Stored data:
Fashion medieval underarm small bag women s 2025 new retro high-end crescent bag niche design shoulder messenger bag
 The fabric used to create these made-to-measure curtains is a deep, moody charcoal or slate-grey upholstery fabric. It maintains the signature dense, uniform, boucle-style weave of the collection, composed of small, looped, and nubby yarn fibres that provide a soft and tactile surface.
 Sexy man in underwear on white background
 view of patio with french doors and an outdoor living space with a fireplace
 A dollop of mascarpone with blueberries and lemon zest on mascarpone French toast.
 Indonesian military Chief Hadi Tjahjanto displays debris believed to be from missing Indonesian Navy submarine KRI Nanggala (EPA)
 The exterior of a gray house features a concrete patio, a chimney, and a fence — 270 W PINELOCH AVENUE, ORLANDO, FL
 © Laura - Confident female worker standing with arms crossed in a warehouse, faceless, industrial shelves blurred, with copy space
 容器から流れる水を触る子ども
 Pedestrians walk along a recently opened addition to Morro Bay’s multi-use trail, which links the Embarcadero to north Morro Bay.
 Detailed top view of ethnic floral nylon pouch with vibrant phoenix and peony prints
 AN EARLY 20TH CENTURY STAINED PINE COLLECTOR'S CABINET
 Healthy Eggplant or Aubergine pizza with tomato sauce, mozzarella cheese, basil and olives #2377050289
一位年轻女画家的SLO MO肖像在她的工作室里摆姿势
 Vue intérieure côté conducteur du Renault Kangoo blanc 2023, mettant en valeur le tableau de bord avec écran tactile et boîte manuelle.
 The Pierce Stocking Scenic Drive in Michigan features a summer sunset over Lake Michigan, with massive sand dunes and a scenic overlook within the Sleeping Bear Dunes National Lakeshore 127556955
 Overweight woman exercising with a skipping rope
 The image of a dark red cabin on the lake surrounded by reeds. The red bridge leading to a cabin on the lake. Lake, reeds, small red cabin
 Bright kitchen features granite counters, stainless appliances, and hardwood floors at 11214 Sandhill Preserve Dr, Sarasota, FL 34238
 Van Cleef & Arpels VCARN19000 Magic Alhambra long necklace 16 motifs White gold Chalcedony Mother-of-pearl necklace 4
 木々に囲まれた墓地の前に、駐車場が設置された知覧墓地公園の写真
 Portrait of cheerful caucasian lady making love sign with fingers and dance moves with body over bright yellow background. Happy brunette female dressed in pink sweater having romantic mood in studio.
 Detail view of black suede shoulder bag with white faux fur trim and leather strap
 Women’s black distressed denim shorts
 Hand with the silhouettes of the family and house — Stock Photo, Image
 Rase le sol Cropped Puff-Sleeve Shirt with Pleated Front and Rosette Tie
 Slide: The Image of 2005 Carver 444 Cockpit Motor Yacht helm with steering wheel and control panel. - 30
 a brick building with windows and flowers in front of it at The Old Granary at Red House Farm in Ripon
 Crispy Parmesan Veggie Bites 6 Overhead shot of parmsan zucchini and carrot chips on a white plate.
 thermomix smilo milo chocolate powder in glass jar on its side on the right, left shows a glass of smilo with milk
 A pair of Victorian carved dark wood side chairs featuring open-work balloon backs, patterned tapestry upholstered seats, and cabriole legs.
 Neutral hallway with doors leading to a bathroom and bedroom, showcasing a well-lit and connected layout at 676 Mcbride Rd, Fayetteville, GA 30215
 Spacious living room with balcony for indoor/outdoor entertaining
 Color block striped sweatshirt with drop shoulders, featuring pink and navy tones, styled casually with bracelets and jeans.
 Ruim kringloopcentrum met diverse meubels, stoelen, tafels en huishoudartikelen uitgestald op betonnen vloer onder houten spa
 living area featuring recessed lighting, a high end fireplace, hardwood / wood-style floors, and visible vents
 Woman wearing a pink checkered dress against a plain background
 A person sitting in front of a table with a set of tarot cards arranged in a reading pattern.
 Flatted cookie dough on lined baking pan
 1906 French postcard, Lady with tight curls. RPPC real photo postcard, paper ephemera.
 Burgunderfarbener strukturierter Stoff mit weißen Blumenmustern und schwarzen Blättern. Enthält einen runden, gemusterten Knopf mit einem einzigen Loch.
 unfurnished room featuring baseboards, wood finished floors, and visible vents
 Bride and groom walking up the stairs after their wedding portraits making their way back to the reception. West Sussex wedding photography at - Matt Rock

Assignment:
Given the data above, transcribe exactly the lines from the one containing "Indonesian military Chief" down to the one containing "容器から流れる水を触る子ども", and no others.

Solution to this problem:
 Indonesian military Chief Hadi Tjahjanto displays debris believed to be from missing Indonesian Navy submarine KRI Nanggala (EPA)
 The exterior of a gray house features a concrete patio, a chimney, and a fence — 270 W PINELOCH AVENUE, ORLANDO, FL
 © Laura - Confident female worker standing with arms crossed in a warehouse, faceless, industrial shelves blurred, with copy space
 容器から流れる水を触る子ども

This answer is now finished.